The Guardian Angels’ ultimate aim is to “engage Jews to get more involved, to be more vigilant – and not be as dependent on the mayor, governor, and the police,” Sliwa told The Jewish Press. “You can’t depend on government. You’ve got to show that you can protect your own.”

Unfortunately, Sliwa said, several existing crime prevention groups, have been “co-opted” by the NYPD. “What I mean by that,” he added, “is that the NYPD doesn’t want them to physically intervene and make citizen arrests. They tell the Shomrim, ‘You’re just eyes and ears. If you see something, say something.’ But that doesn’t work when it comes to anti-Semitic attacks. What are you gong to do? Watch a Jew get beaten?”

Sliwa said he went to Catholic elementary and high schools in Crown Heights, which is where he saw his very first citizen patrol group. “I remember in 1970, right on the corner of Eastern Parkway and Kingston, there was a patrol called the Maccabees. They were Lubavitch, and, boy, were they fearsome.

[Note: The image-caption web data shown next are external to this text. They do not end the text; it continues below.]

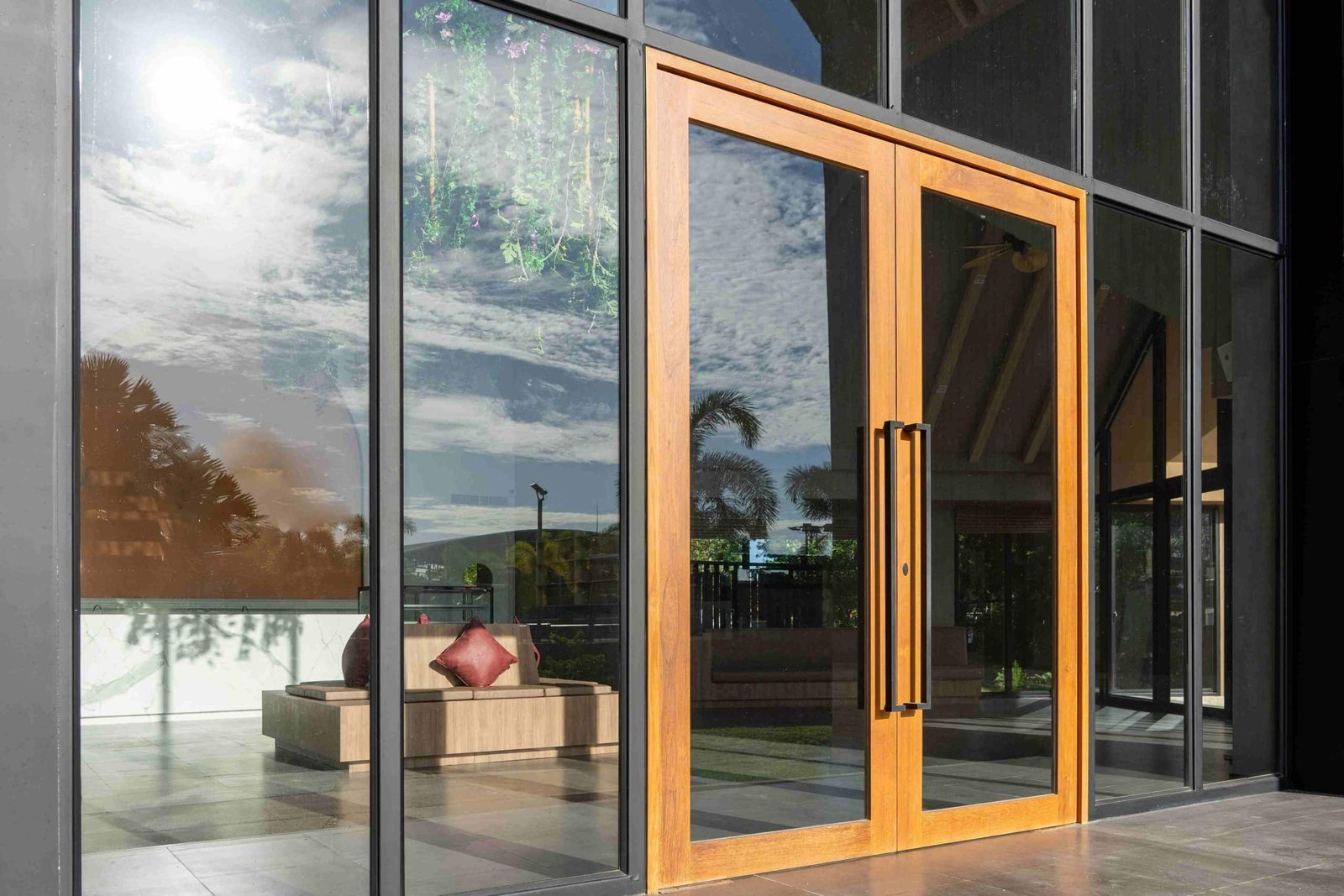 Commercial Window Cleaning Setauket NY | Practical Exterior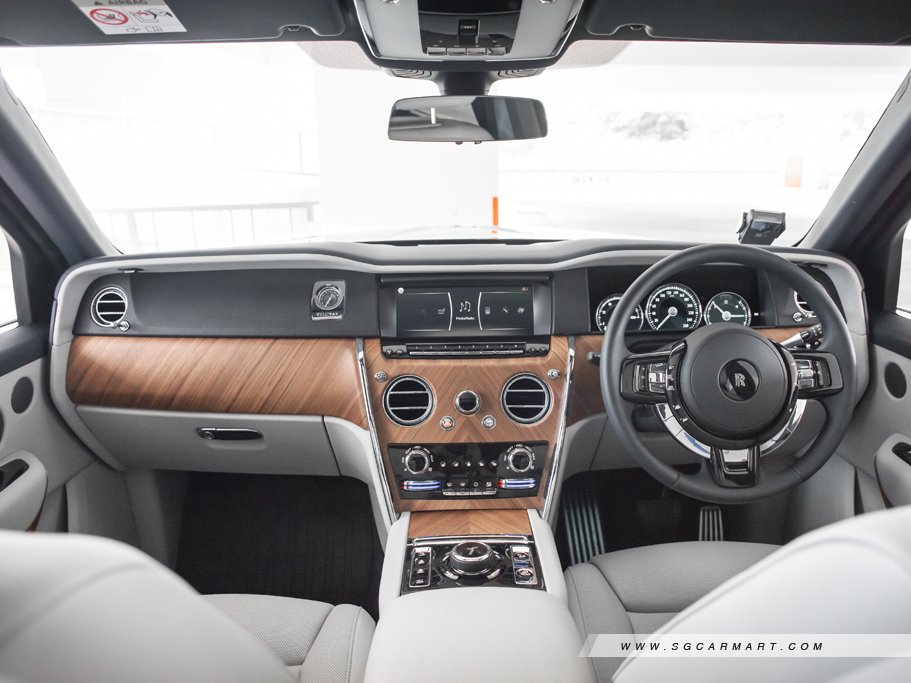 https://i.i-sgcm.com/new_cars/cars/12299/12299_g31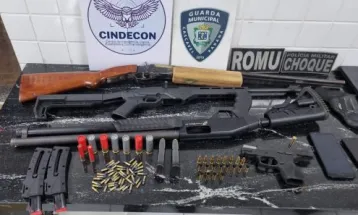 GM e PM prendem quatro suspeitos de assalto e recuperam armas roubadas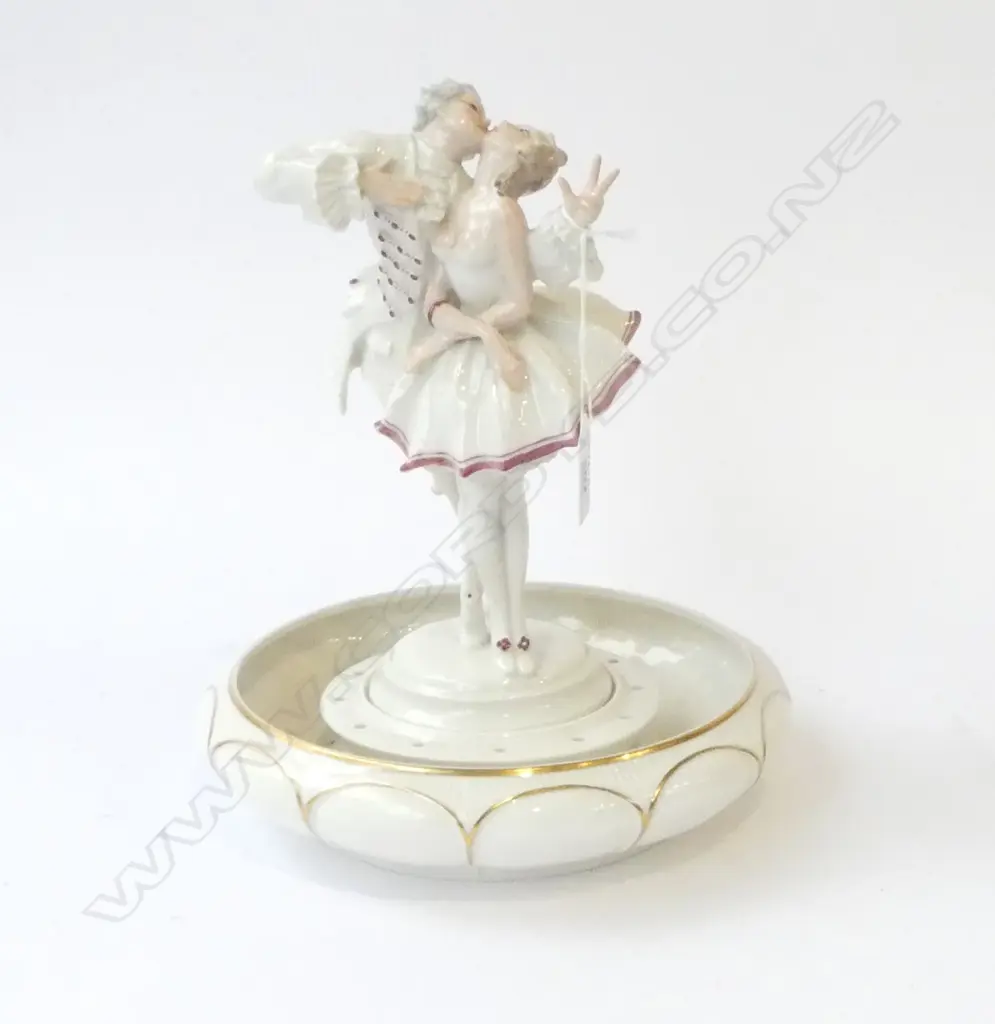 HUTSCHENREUTHER FIGURAL FLOWER BOWL H270MM Image 1++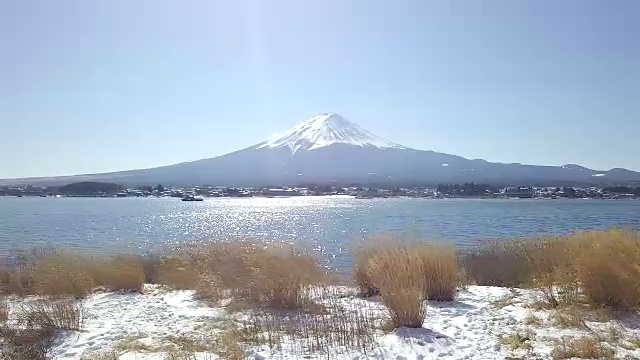 富士火山位于日本美丽的冬季视频素材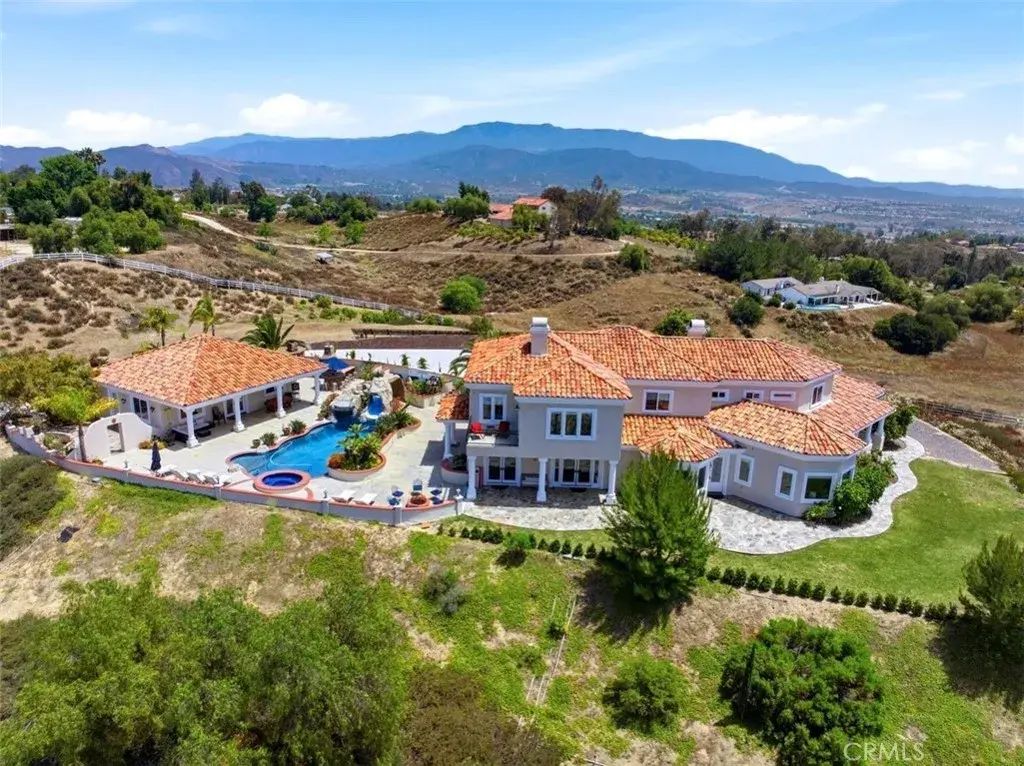 34351 Calle Vista, Temecula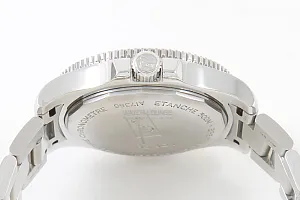02742_watchlounge_lo.jpg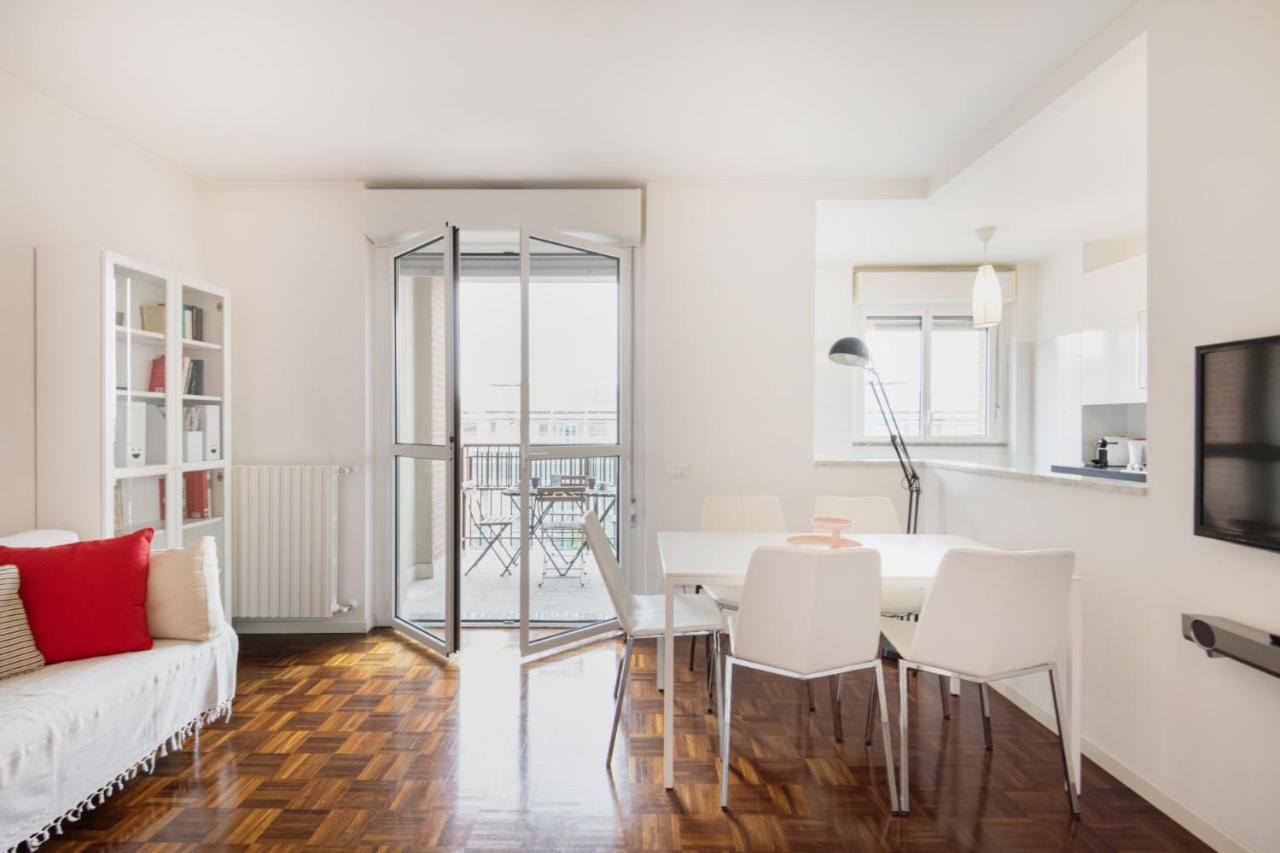 Easylife - Accogliente Dimora Con Balcone Apartment Milan Luaran gambar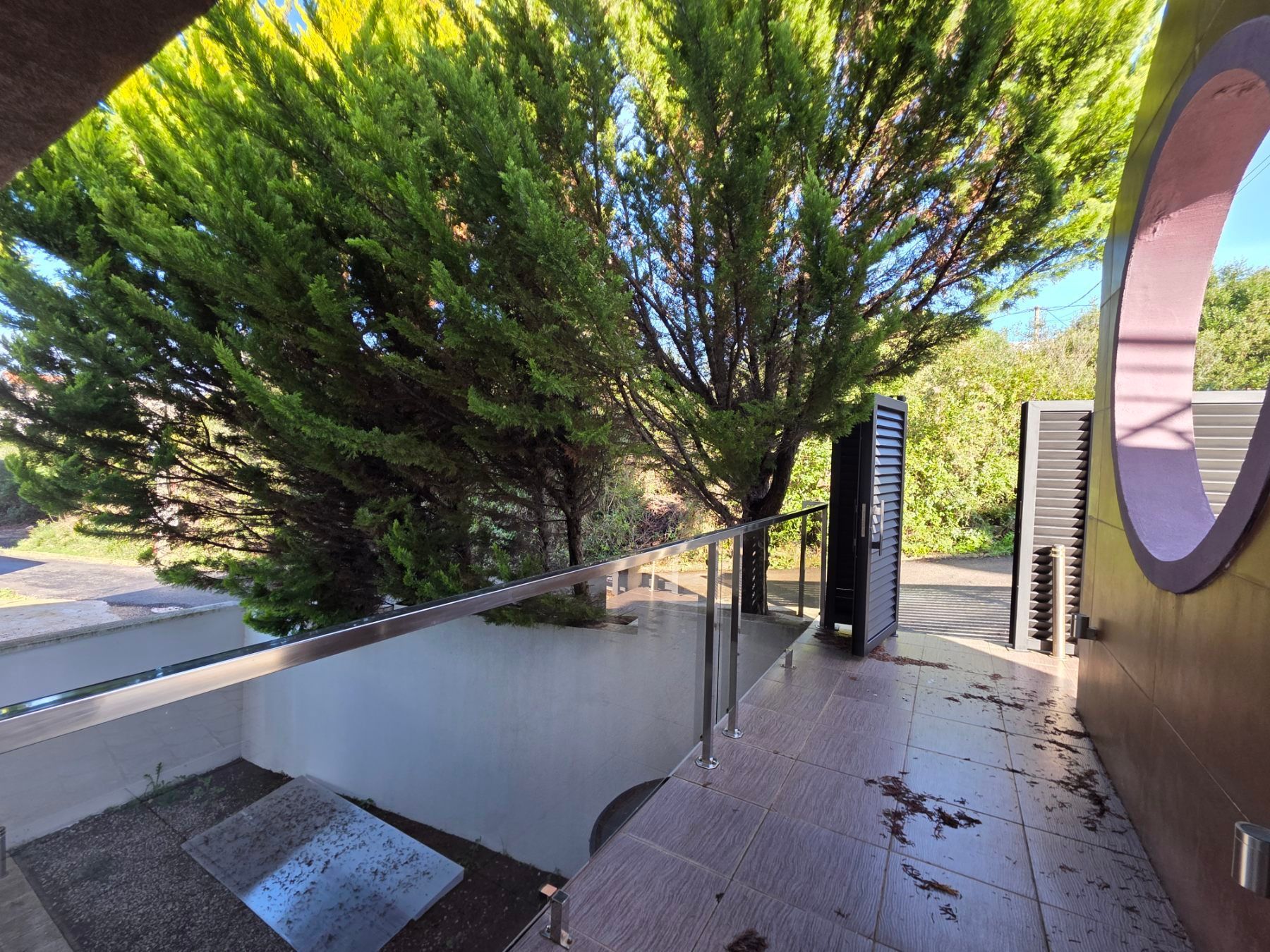 Ekskluzivna moderna vila površine 380 m² sa 4 spavaće sobe, 4 kupatila, bazenom i privatnim parkingom na placu od 450 m² – Krimovica, Kotor - Amfora Real Estate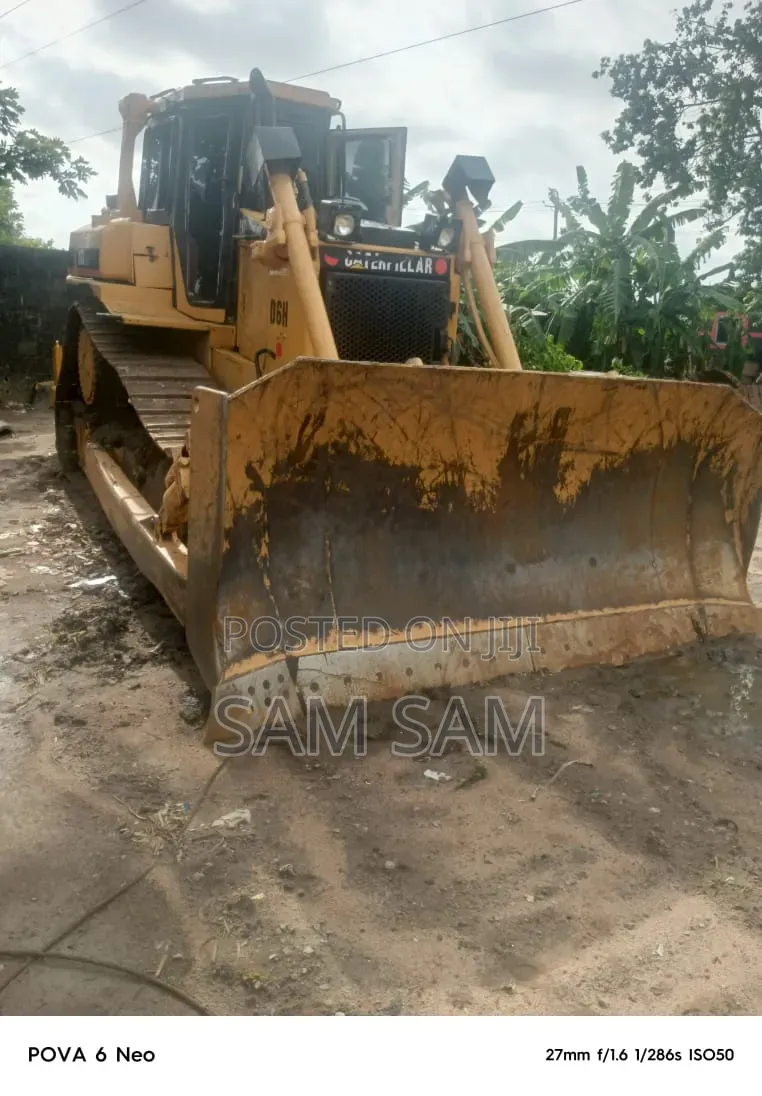Company Used D6H Bulldozer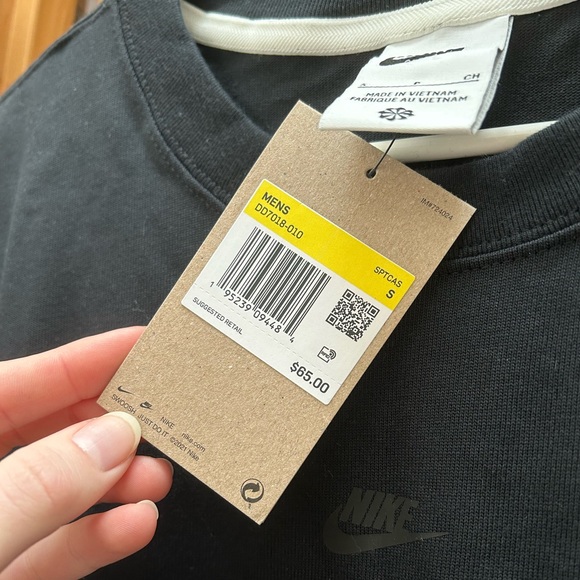 NWT Nike Sportswear Style Essentials Short Sleeve Shirt - Picture 4 of 6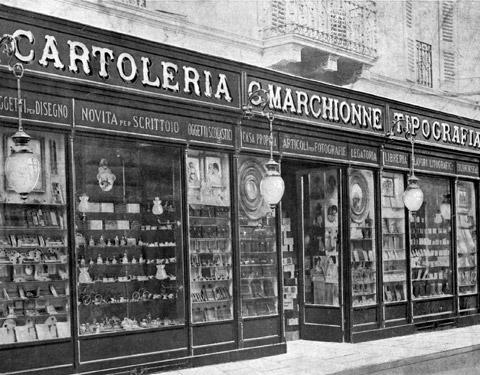 Il nuovo negozio inaugurato nel 1896 nell’appena edificato palazzo Marchionne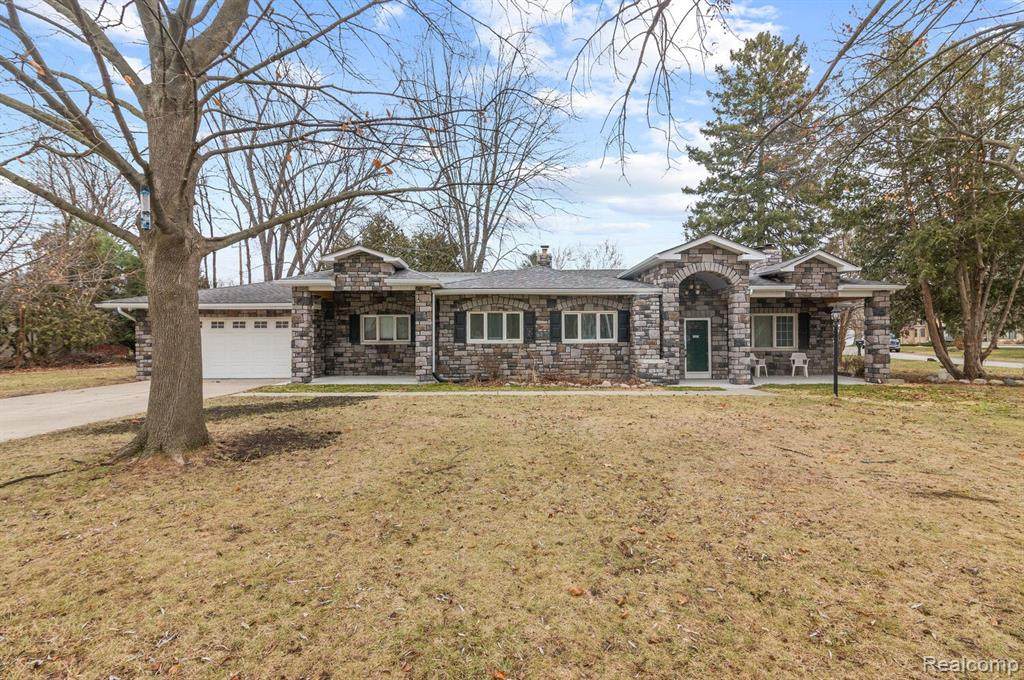 23410 Military Road - Photo 1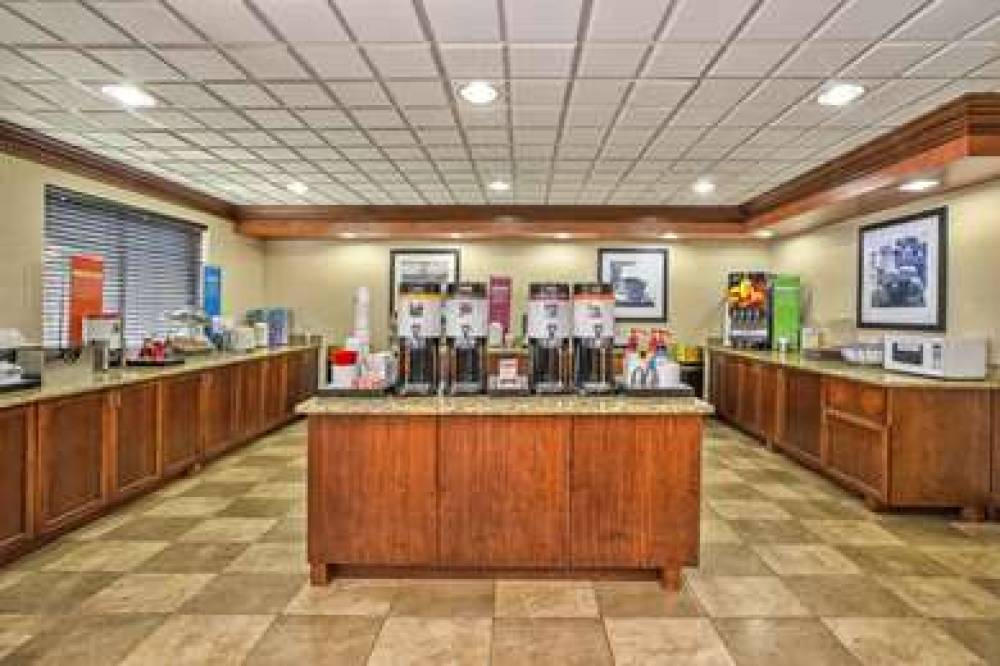 Hampton Inn Detroit/Belleville-Airport Area 8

“If you came into the community looking for trouble – which a lot of gangs did at the time because they wanted to steal black hats, which was like a trophy for them – they’d run you right out of the neighborhood.”

He recalled, “They had a term they used called ‘Chapsem!’ They said it’s the duty of every man – whether you’re a baker or a butcher, whether you’re in your house or in your car – when you hear that term ‘Chapsem!’ you immediately get out into the street and help whoever is in harm’s way.”

Sliwa hopes that by spring time, the Guardian Angels “will have trained and gotten many other Jews involved in self-defense and patrolling their neighborhoods.” At that point, he said, the Angels will retreat and “act more in an advisory capacity.”